The services do tend to mold to their markets, so this wouldn't be as useful as a Coke can unit of measure but its so commonplace that the matrix would serve up some interesting findings. The bottom line is that streaming services are offering their entertainment content at ridiculously low prices. So low that you wonder how they can afford to pay to license content and create their own at a sustainable level.

The answer of course is volume. Having a few million subscribers means that even if you were charging a few dollars per month, that would be multiplied into the stratosphere. Wielding that kind of income is a game-changer, allowing a typically digital entity to grow progressively... much more easily than a traditional bricks and mortar set up.

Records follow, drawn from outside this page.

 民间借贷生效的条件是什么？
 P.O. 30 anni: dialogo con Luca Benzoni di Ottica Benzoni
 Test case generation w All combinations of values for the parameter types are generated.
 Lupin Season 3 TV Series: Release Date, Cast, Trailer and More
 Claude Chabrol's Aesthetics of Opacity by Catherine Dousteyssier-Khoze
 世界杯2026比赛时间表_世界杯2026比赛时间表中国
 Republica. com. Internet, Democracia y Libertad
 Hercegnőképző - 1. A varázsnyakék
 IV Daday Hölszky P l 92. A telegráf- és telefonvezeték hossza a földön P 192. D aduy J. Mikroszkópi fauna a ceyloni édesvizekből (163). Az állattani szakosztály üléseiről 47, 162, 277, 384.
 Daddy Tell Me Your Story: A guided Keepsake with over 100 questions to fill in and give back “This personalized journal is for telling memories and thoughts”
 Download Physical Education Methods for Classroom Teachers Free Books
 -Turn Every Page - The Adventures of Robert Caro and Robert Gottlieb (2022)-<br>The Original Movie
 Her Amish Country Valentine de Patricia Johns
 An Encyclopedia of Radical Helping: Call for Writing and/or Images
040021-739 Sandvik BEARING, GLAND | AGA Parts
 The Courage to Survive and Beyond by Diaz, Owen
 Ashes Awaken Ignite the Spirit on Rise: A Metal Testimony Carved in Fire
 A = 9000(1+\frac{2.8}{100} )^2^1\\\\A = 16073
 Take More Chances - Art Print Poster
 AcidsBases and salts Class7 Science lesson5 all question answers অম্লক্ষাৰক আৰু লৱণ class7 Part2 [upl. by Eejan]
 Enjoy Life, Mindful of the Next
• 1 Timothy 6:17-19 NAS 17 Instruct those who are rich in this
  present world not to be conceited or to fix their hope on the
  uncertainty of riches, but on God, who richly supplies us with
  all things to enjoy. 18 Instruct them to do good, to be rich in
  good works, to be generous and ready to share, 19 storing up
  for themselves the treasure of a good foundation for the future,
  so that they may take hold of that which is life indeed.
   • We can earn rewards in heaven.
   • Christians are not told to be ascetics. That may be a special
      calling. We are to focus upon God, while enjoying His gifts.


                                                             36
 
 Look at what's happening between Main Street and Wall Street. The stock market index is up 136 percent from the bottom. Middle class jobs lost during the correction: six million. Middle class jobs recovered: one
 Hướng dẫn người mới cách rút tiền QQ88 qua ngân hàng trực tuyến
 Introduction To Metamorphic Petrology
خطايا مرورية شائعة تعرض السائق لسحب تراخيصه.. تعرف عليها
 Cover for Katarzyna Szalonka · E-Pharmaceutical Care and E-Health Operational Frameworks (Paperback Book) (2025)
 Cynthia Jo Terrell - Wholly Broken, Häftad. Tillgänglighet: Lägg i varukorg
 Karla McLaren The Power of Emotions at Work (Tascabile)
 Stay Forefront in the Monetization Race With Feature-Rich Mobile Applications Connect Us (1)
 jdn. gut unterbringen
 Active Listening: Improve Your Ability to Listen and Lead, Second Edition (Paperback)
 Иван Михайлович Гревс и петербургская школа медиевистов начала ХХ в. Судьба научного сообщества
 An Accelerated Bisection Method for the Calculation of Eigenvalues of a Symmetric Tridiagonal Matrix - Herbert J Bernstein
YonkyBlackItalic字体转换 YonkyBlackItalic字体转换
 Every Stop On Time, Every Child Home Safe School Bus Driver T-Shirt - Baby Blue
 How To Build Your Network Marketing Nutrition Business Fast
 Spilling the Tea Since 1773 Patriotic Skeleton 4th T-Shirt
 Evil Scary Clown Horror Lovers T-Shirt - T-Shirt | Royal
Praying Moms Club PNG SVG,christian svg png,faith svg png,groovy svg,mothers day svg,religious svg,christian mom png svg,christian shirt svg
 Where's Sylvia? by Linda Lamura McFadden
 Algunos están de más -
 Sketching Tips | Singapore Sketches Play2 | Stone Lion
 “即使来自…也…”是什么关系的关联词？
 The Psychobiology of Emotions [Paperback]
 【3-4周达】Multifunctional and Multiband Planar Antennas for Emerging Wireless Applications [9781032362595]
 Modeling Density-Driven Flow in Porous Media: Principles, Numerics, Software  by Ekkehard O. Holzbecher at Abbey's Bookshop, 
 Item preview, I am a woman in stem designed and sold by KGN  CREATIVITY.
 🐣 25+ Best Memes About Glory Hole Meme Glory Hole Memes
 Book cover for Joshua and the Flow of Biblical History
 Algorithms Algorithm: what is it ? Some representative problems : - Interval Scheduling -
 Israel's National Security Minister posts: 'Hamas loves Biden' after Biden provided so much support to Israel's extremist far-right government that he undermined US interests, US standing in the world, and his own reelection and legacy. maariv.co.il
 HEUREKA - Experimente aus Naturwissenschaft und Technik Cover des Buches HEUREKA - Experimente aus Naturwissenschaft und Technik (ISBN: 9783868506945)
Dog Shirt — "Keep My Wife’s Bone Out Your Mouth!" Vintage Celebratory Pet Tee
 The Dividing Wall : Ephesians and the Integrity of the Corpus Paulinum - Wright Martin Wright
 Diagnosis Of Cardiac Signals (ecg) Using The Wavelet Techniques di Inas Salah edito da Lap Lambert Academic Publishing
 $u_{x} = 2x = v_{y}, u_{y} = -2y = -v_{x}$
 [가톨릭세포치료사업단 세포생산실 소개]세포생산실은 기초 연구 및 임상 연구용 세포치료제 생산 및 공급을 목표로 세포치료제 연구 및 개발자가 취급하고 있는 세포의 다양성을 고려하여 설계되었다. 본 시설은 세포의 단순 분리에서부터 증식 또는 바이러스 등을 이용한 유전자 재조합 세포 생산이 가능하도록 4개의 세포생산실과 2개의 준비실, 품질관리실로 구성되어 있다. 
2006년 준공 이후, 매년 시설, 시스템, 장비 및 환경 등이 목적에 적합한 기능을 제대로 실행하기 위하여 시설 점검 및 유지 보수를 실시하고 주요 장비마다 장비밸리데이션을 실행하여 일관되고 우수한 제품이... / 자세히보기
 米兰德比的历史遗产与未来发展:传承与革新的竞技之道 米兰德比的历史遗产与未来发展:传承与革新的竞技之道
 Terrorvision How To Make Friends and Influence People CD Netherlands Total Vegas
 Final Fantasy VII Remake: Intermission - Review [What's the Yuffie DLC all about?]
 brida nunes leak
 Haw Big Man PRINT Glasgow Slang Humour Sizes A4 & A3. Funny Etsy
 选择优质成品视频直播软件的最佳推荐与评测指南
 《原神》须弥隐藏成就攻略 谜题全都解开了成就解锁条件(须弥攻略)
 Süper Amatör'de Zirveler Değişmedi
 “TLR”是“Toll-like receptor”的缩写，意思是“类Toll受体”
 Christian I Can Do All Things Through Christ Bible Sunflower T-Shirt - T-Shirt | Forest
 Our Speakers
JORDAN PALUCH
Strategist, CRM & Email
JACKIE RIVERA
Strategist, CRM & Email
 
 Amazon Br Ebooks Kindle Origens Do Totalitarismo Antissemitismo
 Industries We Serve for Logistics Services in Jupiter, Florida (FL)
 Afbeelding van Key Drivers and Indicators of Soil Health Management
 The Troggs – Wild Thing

The Internet has opened up a number of amazing opportunities and the power of sporadic growth is one of them. Not only are software and systems able to do much of what was usually reserved for actual human beings (imagine that!), they work relentlessly and are tailored to stretch with an influx.

You'll still need people to answer the phones and be accountable for the corporate pageantry of mergers and major signings, but these Internet "startups" are making it possible to make money out of thin air. Keeping everything in the digital ether makes business sense. Why pay for a building to house your multitude of employees when you can just have them work remotely, virtually... from anywhere on the planet with an Internet connection.

This thinking has led to many major disruptors taking over... because how do you compete with something that isn't there? It's like shadow-boxing or taking on your imaginary friend. This is how you start a revolution. It's also a way to throttle the competition by running at a near-loss, changing consumer habits and resetting appetities whilst growing your empire. Yet, somehow, other streaming services are rising up to challenge Netflix. Many others. Each believing that they'll be able to capture enough market share to justify their own reinvention of the wheel and sustain them through recycled entertainment and fresh "content".

One of the biggest problems with redefining the entertainment horizon is that when consumers start comparing everything to the value of a Netflix subscription, it means they ultimately buy less and have unrealistic expectations of other services. It undermines everything from optical media, video rental and exhibition... making it seem like daylight robbery to charge anything more than a month of Netflix subscription.

Another problem is that once you've set the bar so low, you'll struggle to raise it. The boil-a-frog strategy comes to mind in this case, where streaming services will have to raise the price of their subscription slowly enough to ensure the frog doesn't jump out of the water.

Now with a host of other streaming services that haven't withered and died, it may become a case of the nomadic subscriber where one subscription is put on ice to focus on another channel's entertainment offering until the other one freshens its slate again. Seeing that Netflix is raising its subscription price in South Africa where many luxury spends are already on the line... we could see a shift to other cheaper services or a return to more of a pay-as-you-go spending profile.

Many streaming service adopters have pretty much thrown in the towel when it comes to physical media, wondering why they have a DVD or Blu-ray player and shelves of discs clogging up their minimalist entertainment set up. However, the optical disc market has become so inundated with "coasters" that their intrinsic value may see a comeback like LPs.

Compare buying 10-20 of your favourite movies with the cost of a month's Netflix subscription and the balance may start to tilt again. Even if you don't like the idea of storing the movies, at such low prices there's nothing stopping you from selling them, passing them on or literally turning them into coasters.